The interior should be designed to imitate the branches under the tree canopy. For this purpose, fresh branches and twigs with intact inflorescences should be placed daily.
Tip 2: Reduce excess energy
Humans need an average of 8 hours of sleep per night, while cockatiels need 10.
Therefore, it is not a promising idea to set up the aviary in the bedroom and permanently disrupt the birds’ biorhythms with your morning activities.
If you do not want to rest in the evening, it is often because you have not kept them sufficiently busy.
Cockatiels travel up to 500 km a day in the wild. Therefore, you must allow the bird at least 4 hours of excursion. This can be a problem on stormy days or during severe thunderstorms.
Now you have to entertain the restless bird in the apartment: Put out plastic spoons or straws in the bird room. Parakeets like portable objects with which they can make noise.
Climbing walls are always welcome, and of course, the obligatory swing constructions should not be missing. The intelligent animals tend to disassemble furniture by loosening nuts and bolts. So give them something to tinker with.
Or refine clicker training: cockatiels have a good long-term memory and are very musical. So you can sometimes specifically condition them to whistle your favorite commercial jingle or national anthem.
Some specimens transport objects from A to B continuously. See if you can get them to deliver selected items to you by air.
Tip 3: How to avoid nocturnal panic attacks
Cockatiels get nervous when they can see the night sky in the outdoor aviary.
In nature, they sleep directly under the canopy to be protected from the gaze of circling birds of prey. The roof of the enclosure must therefore be designed to be opaque.
Birds’ brain activity increases during REM sleep so that they can react at lightning speed when attacked by predators. Your darlings are therefore often startled at night by noises or the cone of light from passing cars. They may screech loudly and flap their wings wildly.
This phenomenon is known as “night fright”.

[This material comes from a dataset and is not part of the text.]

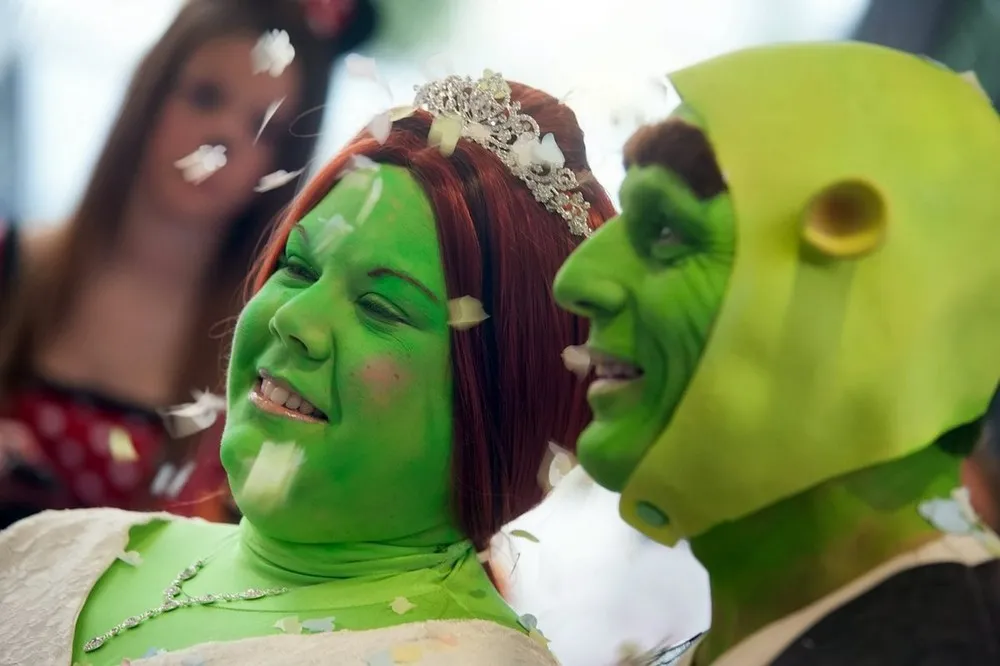 Shrek Wedding by Paul Bellas and Heidi Coxshall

Sure signs are small blood stains on the wall and the loss of several wing feathers. They stem from the fact that the parakeet does not find its roost in the dark and panics. In this condition he is a danger to himself and his comrades.
In the worst case, he flies full speed into the wall and breaks his neck.
Install a night light in the aviary to eliminate such incidents.
The diffuse lighting of commercially available models for small children comes very close to natural moonlight.
It is not advisable to install pretty-looking salt crystal lamps: parakeets like to lick them and as a result suffer permanent damage to the kidneys as well as the liver.
Tip 4: Recognize and prevent diseases
If your cockatiel generally does not fall asleep, a trip to the doctor is urgent. He may be experiencing severe pain as a result of advanced osteoarthritis (deformed joints).
It is often caused by not completely healed injuries or overweight.
As an immediate measure, you should get the parakeet especially thick branches or boards to sit on.
If the animal spends the nights on the ground, there is a suspicion of lead poisoning from nibbling on curtain rods. The parakeet is then afflicted with muscle spasms and temporarily goes blind. If you go to the doctor in time, the symptoms can be quickly alleviated by administering an antidote.
Sleeplessness in combination with continuous preening and eaten feathers indicates infestation with feather lice (parasites). The problem can be controlled with the help of ecological care products. Grave mites, which are also parasitic, cause extreme itching and are killed by contact insecticides (spot-ons).
If the bird lies down on swings to roost and has ulcers on the pads of its soles, it may be suffering from vitamin A deficiency. However, the symptoms are much more often caused by lack of exercise or sitting on industrially manufactured wooden perches. In both cases, it’s up to you to take remedial action as soon as possible to avoid permanent postural damage.